By 2030, Minnesota will see a dramatic demographic shift as more than 1.3 million Minnesotans will be over the age of 65, nearly doubling the senior population. Of those 1.3 million Minnesotans, approximately 70 percent will need some type of long-term care – but funding is exceptionally inadequate to meet the growing demand. To address this lack of funding, the Dedication Amendment would allow Minnesota voters to decide the question:
“Shall the Minnesota Constitution be amended to dedicate funding to long-term care for seniors and people with disabilities?”
- This care will be funded by closing a tax loophole for a small group of wealthy individuals. Currently, individual income above $118,500 is exempt from the tax which supports Social Security. Only the top four percent of income earners receive this special treatment. Everyone else is required to pay this tax on all of their earned income. Closing the loophole, and treating the top four percent the same as everyone else, will fund the care needed to help our most vulnerable citizens.
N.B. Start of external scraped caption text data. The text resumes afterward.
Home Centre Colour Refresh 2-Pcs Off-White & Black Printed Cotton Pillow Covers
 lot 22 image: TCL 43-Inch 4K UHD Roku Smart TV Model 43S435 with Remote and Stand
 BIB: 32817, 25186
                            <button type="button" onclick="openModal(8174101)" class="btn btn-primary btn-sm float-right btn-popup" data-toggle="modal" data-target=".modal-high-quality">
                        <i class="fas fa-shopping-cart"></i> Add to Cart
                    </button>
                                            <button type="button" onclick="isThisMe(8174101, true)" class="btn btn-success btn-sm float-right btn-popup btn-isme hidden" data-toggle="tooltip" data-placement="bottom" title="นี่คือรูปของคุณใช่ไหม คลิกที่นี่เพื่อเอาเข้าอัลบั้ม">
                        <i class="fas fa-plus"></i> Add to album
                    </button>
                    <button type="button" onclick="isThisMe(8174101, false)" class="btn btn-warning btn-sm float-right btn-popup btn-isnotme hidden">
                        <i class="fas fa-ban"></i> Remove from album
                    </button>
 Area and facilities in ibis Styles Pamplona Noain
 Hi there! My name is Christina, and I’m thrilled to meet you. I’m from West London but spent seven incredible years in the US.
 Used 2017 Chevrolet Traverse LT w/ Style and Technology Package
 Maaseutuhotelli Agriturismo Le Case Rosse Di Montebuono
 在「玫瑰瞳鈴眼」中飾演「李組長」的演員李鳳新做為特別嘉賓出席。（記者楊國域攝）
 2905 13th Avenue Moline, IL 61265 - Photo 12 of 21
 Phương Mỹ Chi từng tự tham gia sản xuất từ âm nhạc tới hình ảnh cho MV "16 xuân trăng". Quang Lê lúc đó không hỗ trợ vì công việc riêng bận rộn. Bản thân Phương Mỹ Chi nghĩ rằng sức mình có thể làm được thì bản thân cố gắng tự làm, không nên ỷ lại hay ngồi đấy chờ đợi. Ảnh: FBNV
“We currently have dedicated funding sources in our state constitution for entities ranging from the arts to parks and trails to wild habitats,” said Sen. Eken. “If passed, long-term care would join this list – and if anyone needs constitutionally dedicated and protected funding, it’s our most vulnerable citizens. We cannot prevent the inevitable, so let’s start this conversation.”
“This age wave will consume all other areas of our state budget if we don’t take action – and that’s a big challenge to take on,” added Rep. Newton. “How do we solve this challenge? As of now, the Dedication Amendment is the only solution that’s been proposed, but that doesn’t mean it’s the only answer. The most important thing is that we start this very serious discussion, and we start it now.”
This funding would raise more than $1 billion per year that would be dedicated solely to long-term care services for seniors and people with disabilities. Set up for 25 years (as is the Legacy Amendment), the dedicated funding would follow the expected increase of this demographic challenge, providing critically needed funding while the state experiences this change.
Here’s how the math breaks down:
According to 2012 report from the Social Security Administration, Minnesota leaves approximately $20 billion untaxed for social security — a benefit that applies to only the wealthiest 4 percent of the state population. If we remove the cap on taxable income above $118,500 and apply the same 6.2 percent tax that employees pay into social security, we would raise around $1.2 billion per year.